A Risk Assessment Model for Predicting Perioperative Venous Thromboembolism in Patients receiving surgery under anesthesia care.

Authors: Grimm, Aline M. et al

Anesthesiology April 03, 2025.

Background:

Perioperative venous thromboembolism (VTE), including pulmonary embolism (PE) and deep vein thrombosis (DVT), contributes significantly to morbidity, mortality, and healthcare costs of care. A reliable risk assessment model is essential for identifying patients at risk for perioperative VTE. This study aimed to develop and validate a model to predict VTE aligned with the Agency for Healthcare Research and Quality’s (AHRQ) Patient Safety Indicator 12 (PSI-12), which tracks VTE occurrences from hospital admission through discharge. This approach may improve early identification and targeted prevention.

Methods:

We retrospectively analyzed hospital registry data from surgical patients at two tertiary care hospitals in the US: Montefiore Medical Center (MMC) in the Bronx, NY, and Beth Israel Deaconess Medical Center (BIDMC) in Boston, MA. Data from MMC between 2016 and 2021 were used for prediction model creation, while data from 2021 to 2023 served for internal temporal validation. We classified perioperative VTE if patients carried a new ICD code for DVT or PE, and a VTE-related imaging order was documented. Stepwise backward logistic regression and bootstrap resampling were employed for model development. Model performance was evaluated using the receiver operating characteristic (ROC) curves, and Brier score.

Results:

Among 319,134 surgical patients included in the study, 2,647 (0.8%) were diagnosed with perioperative VTE following hospital admission.
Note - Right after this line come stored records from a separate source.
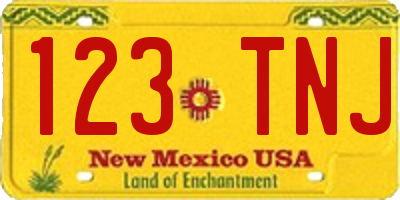 NM license plate 123TNJ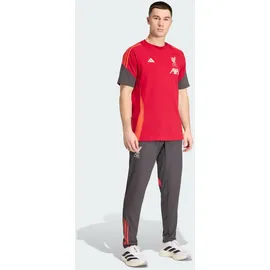 adidas Tiro 25 Competition Baumwollshirt Strawberry Red XS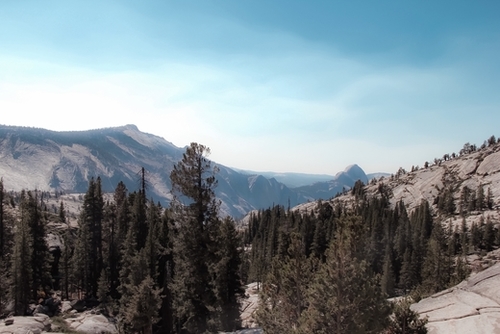 green pine tree and mountain view at Yosemite national park California USA Mural by Timmy333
The model exhibited robust discriminatory performance across all cohorts, with areas under the receiver operating characteristic curve (AUC) of 0.87 (95%-confidence-interval [95%CI], 0.86–0.89) in the development cohort, 0.84 (95%CI, 0.81–0.87) in the internal temporal validation cohort, and 0.76 (95%CI, 0.75-0.77) in the external validation cohort. By contrast, the Caprini Score and Roger’s risk assessment model exhibit significantly lower predictive accuracies of 0.66 and 0.51 respectively. Additionally, the prediction score exhibited strong performance in predicting VTE both in patients before surgery (AUC=0.91; 95%CI, 0.89–0.93) and in those after surgery (AUC=0.84; 95%CI, 0.82–0.86).

Conclusions:

We developed a clinically intuitive risk assessment model that predicts perioperative VTE across diverse surgical populations, based on the AHRQ’s definition. This model demonstrates superior performance compared to existing instruments, offering the potential for improved VTE prevention during hospitalization.